Give back only the lines in the records below from the one with "Dacia Logan Sandero" to the one with "Иран строит новый подземный ядерный объект", both inclusive, word for word.

EXERCISE INPUTS =
■ ■ ■
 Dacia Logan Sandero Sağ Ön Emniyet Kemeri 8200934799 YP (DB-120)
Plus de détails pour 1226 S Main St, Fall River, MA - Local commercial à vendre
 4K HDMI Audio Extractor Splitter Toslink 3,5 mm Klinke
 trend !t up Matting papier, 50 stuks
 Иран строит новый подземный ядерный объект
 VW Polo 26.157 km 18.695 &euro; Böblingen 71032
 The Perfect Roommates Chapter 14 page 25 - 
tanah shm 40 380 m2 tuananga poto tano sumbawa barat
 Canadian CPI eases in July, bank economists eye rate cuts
■ ■ ■
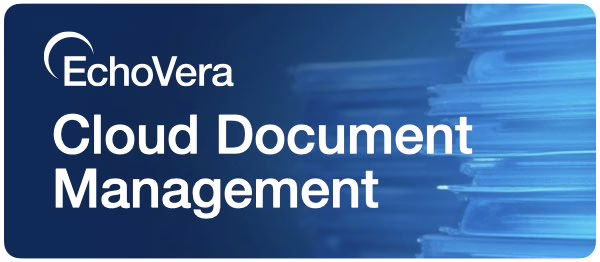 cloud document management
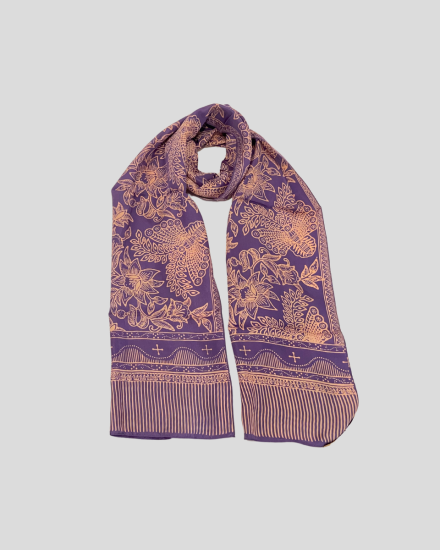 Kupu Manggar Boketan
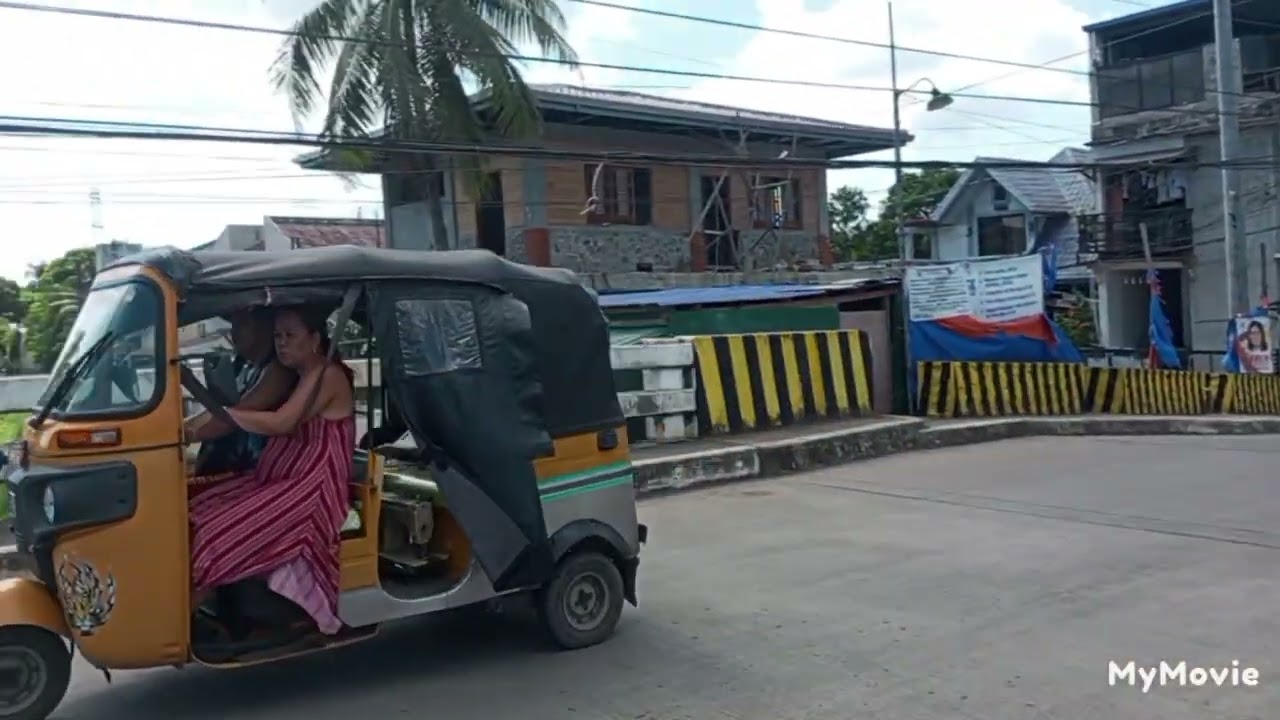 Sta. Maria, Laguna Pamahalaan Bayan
■ ■ ■
WRITTEN RESPONSE =
 Dacia Logan Sandero Sağ Ön Emniyet Kemeri 8200934799 YP (DB-120)
Plus de détails pour 1226 S Main St, Fall River, MA - Local commercial à vendre
 4K HDMI Audio Extractor Splitter Toslink 3,5 mm Klinke
 trend !t up Matting papier, 50 stuks
 Иран строит новый подземный ядерный объект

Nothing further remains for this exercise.